People like me? You have no idea who I am or what I stand for but you are good at bashing people sitting behind your keyboard. I'm for transparency but also for personal privacy. If I'm the problem and the cause of the downfall of the scuba industry that's pretty impressive as I didn't know I had that much power. The big issue is that scuba is a niche market and will stay that way it is not important to most and that frustrates the scuba fanatics!
So I have to agree someone who is on my ignore list.
I think one of the problems for those of us who have been in the industry a while and are not sycophants to our respective agencies is that there is a bit of sales pitch for ocean front property in Nevada. When I did my IDC, there was such a push for selling the next class before they even finished their open water class. I would watch students when the shop owner was making the agency pitch for equipment and courses and I could see how they are turned off. The regional director was talking about how much money can be made from teaching PPB (his wife did apparently). Well, when you look at PPB, the performance requirements are not much different than open water. I discuss that
here and
here.
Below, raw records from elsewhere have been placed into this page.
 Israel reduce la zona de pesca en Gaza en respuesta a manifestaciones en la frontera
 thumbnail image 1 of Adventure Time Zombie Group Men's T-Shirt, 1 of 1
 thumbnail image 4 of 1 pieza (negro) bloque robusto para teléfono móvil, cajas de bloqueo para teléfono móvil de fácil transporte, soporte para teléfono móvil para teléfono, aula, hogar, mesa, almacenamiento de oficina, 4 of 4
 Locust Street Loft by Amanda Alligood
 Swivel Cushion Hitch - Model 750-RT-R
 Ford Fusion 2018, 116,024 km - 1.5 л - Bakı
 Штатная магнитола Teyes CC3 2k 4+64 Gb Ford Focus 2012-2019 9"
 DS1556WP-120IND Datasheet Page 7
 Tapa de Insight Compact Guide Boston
I think this push for more classes is really disingenuous. While quick/cheap classes are good for the agency, they are not good for the instructor or more importantly, the customer. The shops/instructors that teach properly, and charge accordingly, have much higher retention rates (I'm referring to Jade Scuba, 8, and Off the Hook). But you can't be a used car salesman in a cheap suit (I called the owner of the first shop I taught at a used Fiat salesman to his face).
The industry lacks integrity and it is hard for me to choose an agency. Who has the largest shred of integrity? Who is the lessor of all evils? As there are issues with even the agencies where I recommend courses (and no, I'm not getting into that here. You'd have to get me rather drunk at DEMA before I open my mouth)
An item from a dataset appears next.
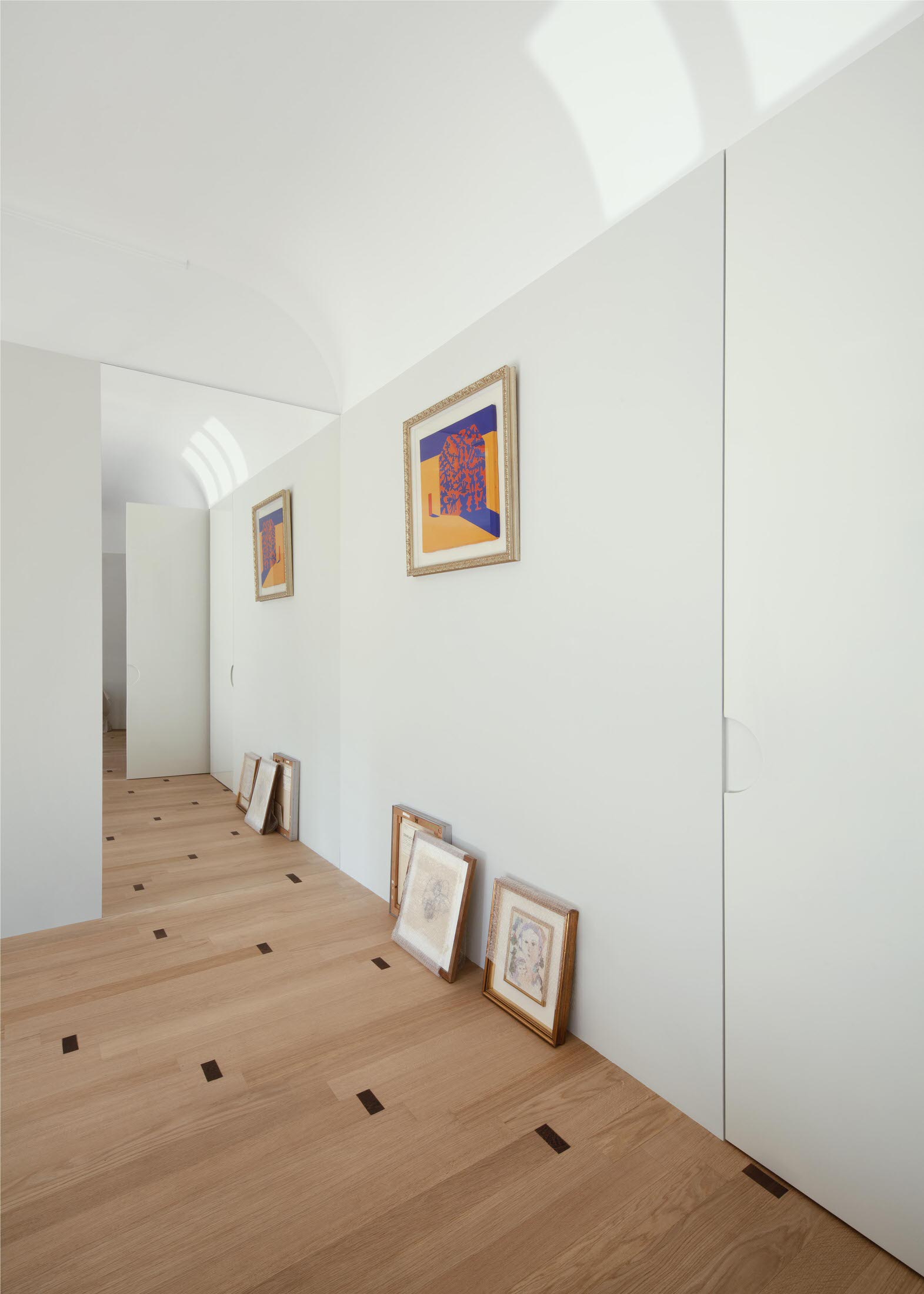 悬浮时光 · 尼采骰子米兰公寓丨意大利米兰丨CMQ Architettura-8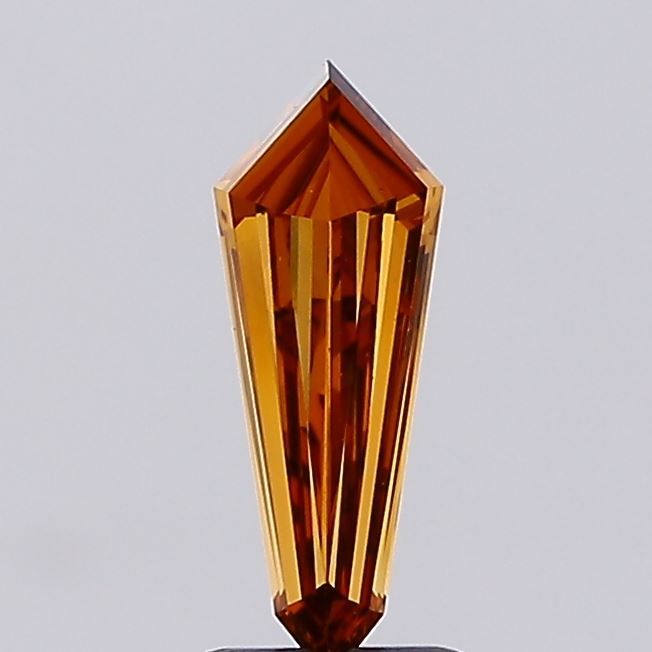 0.99 ct lab-grown Hexagonal Diamond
There is never a discussion about costs of insurance, rates of return, actual numbers of compensation for courses. The first shop I taught, you would earn $75 per student in open water where dry suit was included. In the next shop where it wasn't, it was $50 per student. Now this was only if they were certified. For the second shop, it would be $25 for getting them through academics and the pool session. I don't know about the first shop, as I was a horrible instructor back then who taught on the knees, and everyone passed, even when because the equipment provided sucked so bad, I had to have one student breath off my alternate when she did the mask removal, replacement, and clear. I told the CD what I did and he said it met performance requirements (in hindsight, I should have known better - and I know I'll get skewered now by some folks - hey, I've learned, m'kay?).
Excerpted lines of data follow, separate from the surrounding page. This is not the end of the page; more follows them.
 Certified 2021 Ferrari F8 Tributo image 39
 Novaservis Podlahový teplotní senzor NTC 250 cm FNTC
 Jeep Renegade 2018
You are far better off putting your money that you would pay for training to become a dive pro in the stock market and working another job and just diving for fun.
I do consider myself a scuba fanatic, but I don't care that scuba diving is unimportant to 99.99999% of the world's population. I am frustrated however by the lack of transparency and ethics.
If I wasn't going to open a dive center in Greece, becoming a dive pro would be the worst financial decision I made in my life.